Many centers use evaporation cooling systems, in which water absorbs and evaporates – similar to how sweat wins on the heat of our body. A single facility can use millions of gallons on hot days.
One study estimates that AI-driven data centers can consume 1.7 Biljoen Gallons of water worldwide by 2027.
Few places illustrate this tension more clearly than Georgia – one of the fastest growing data center markets in the US.
The humid climate offers a natural and more cost -effective water source for cooling data centers, making it attractive for developers. But that abundance can entail costs.
Gordon Rogers is the executive director of Flint Riverkeeper, a non-profit interest group that monitors the health of Georgia’s Flint River. He takes us to a creek downhill from a new construction site for a data center that is being built by US Firm Quality Technology Services (QTS).
George Dieten, a local volunteer, creates a sample of the water in a transparent plastic bag. It is cloudy and brown.
“It shouldn’t be that color,” he says. For him this suggests the drain of sediment – and possibly flocculances. These are chemicals used in the construction to bind soil and prevent erosion, but if they escape in the water system, they can make sludge.
QTS says his data centers meet high environmental standards and yield millions in local tax revenues.
Although the construction is often carried out by third -party contractors, local residents are those who remain to tackle the consequences.
“They shouldn’t do it,” says Mr. Rogers. “A larger richer owner has no more ownership rights than a smaller, less rich owner.”
Technical giants say they are aware of the problems and take action.
“Our goal is that by 2030 we will reduce more water to the electricity areas and communities where we exploit data centers than we go out,” says Will Hewes, Global Water Stewardship Lead at Amazon Web Services (AWS), which runs more data centers than any other company worldwide.
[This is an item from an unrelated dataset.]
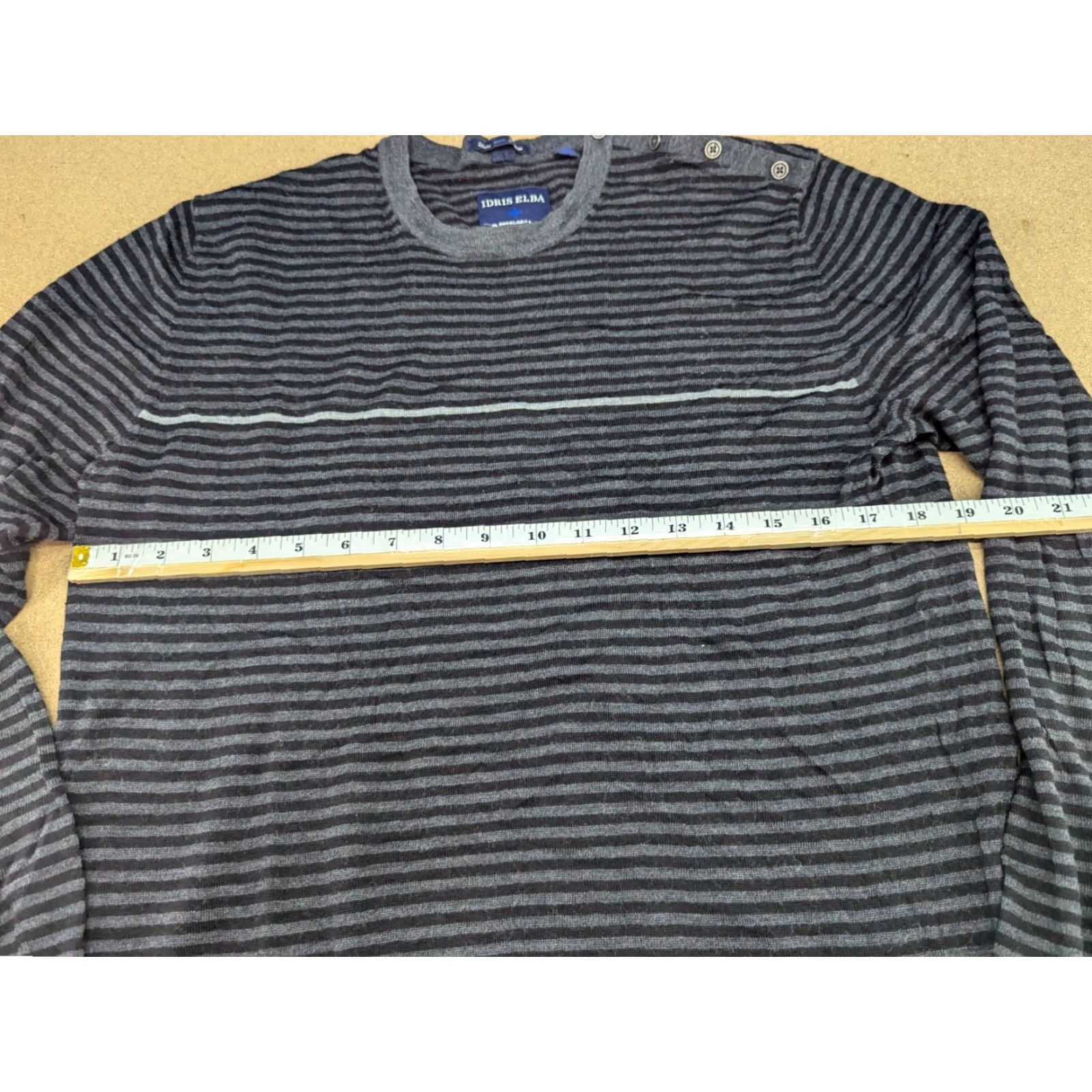 Superdry Superdry Idris Elba 100% Wool Mens XL Long Sleeves Gray Knit Jumper Striped Pullover, Shirt? Size US XL / EU 56 / 4 - 5 Thumbnail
He says that AWS is investing in projects such as leak repairs, rainwater collection and the use of treated waste water for cooling. In Virginia, the company works with farmers to reduce the pollution of nutrients in Chesapeake Bay, the largest estuary in the US.
In South Africa and India – where AWS does not use water for cooling – the company is still investing in water access and quality initiatives.
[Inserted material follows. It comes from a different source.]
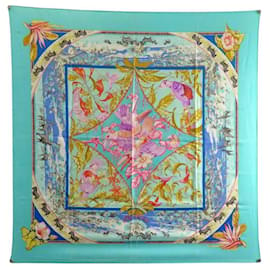 Hermès-HERMES TROPICAL SCARF LAURENCE BOURTHOUMIEUX CARRE 90 BLUE SILK SCARF-Blue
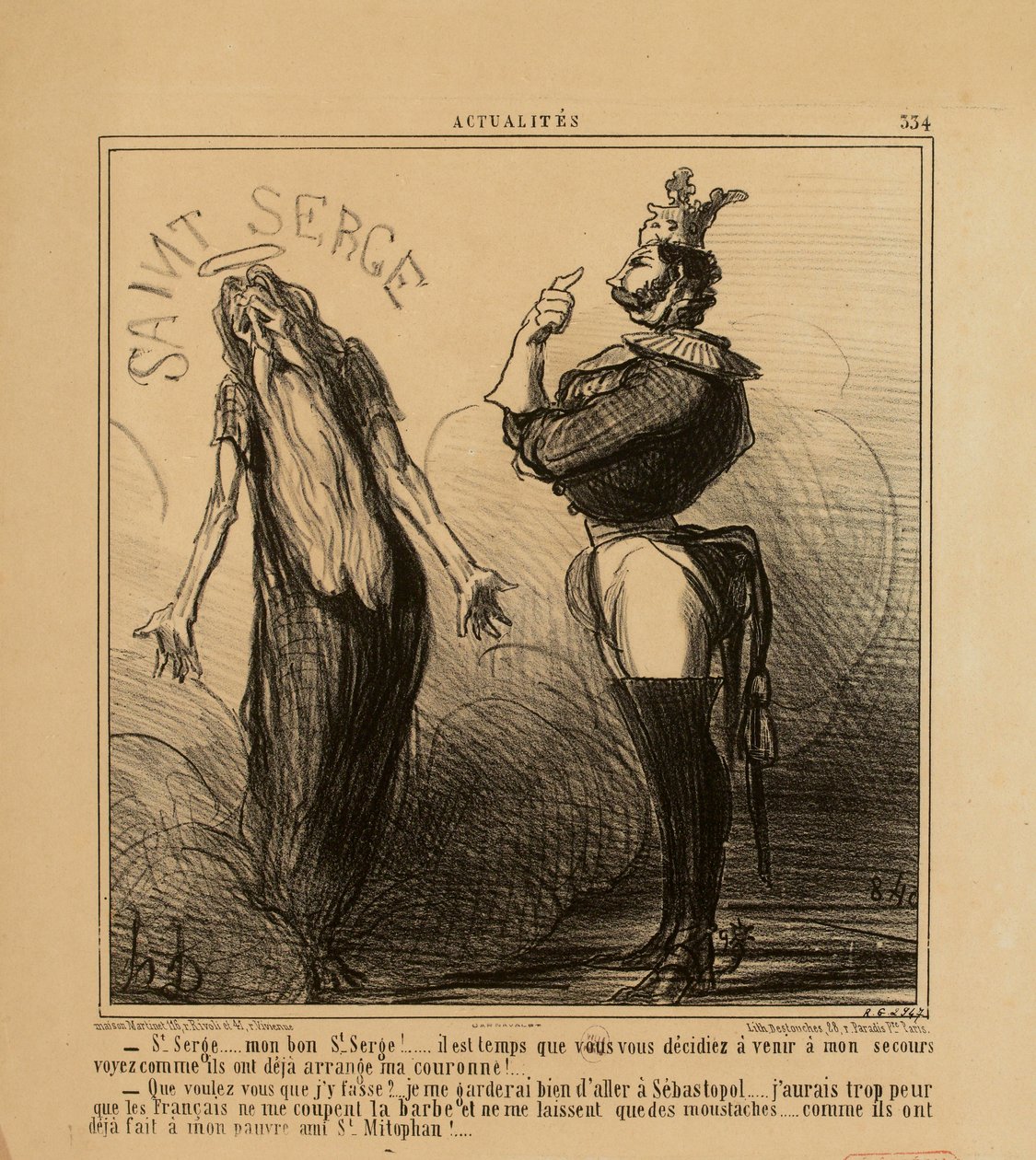 Attualità n. 334: - San Serge ... mio buon San Serge! ... è tempo che vi decidiate... da Honoré Daumier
In America, Mr Hewes says, water is only used every year on about 10% of the hottest days.
Yet the numbers are correct. A single AI query – for example a request for chatgpt – can use about as much water as a bottle that you buy in the corner store. Multiply that with billions questions per day and the scale becomes clear.

Prof Rajiv Garg gives Cloud Computing at Emory University in Atlanta. He says that these data centers do not disappear – if there is something, they become the backbone of modern life.
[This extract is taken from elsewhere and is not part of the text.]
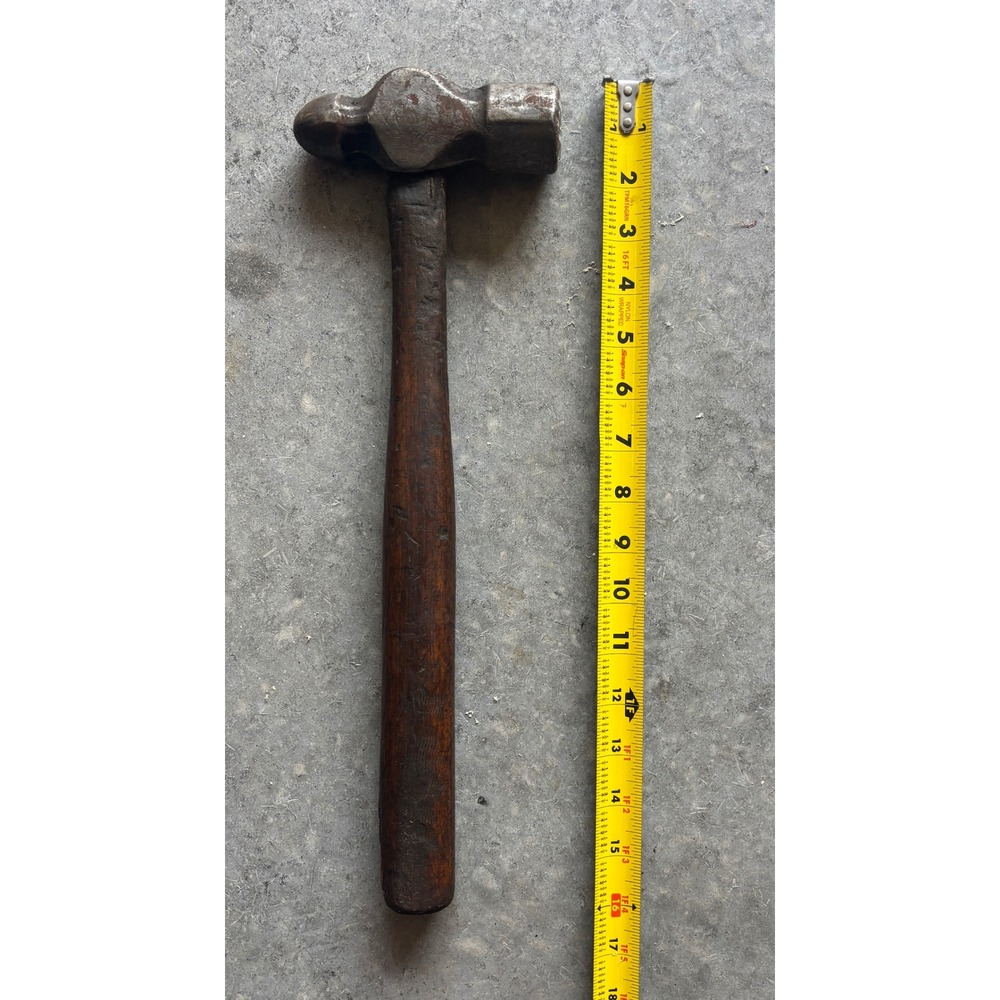 Vintage Ball Peen Hammer Forged‎ Steel Head 15.5 Inch Wood Handle Antique Tool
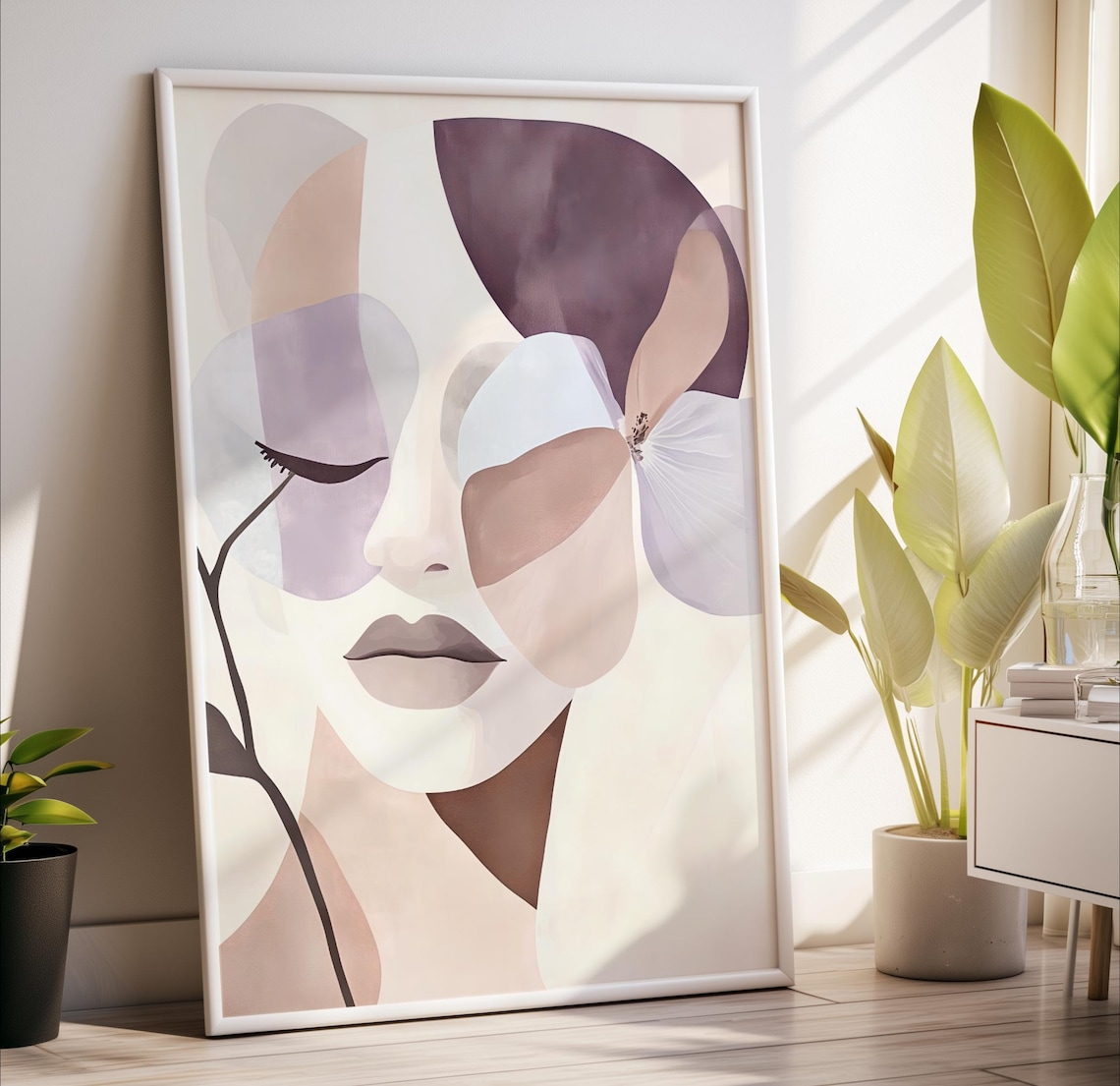 Abstract Woman Face Watercolor Flower Botanical Pastel Art Poster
“There is no way back,” says Prof Garg.
But there is a path forward. The key, he claims, is long -term thinking: smarter cooling systems, rainwater collection and more efficient infrastructure.
In the short term, data centers will create “a huge tribe”, he admits. But the industry is starting to shift to sustainability.
And yet, that is little comfort for homeowners such as Beverly Morris – stuck between the dream of yesterday and the infrastructure of tomorrow.
Data centers have become more than just a trend in the industry – they are now part of national policy. President Donald Trump recently sworn to build the largest AI infrastructure project in history and to mention “a future driven by American data”.
Back in Georgia, the sun is knocking through thick humidity – a reminder why the state is so attractive for data center developers.
For the locals, the future of Tech is already here. And it’s loud, thirsty and sometimes difficult to live.
As AI grows, the challenge is clear: how the digital world of tomorrow can be switched on without carrying out the most basic source of all – water.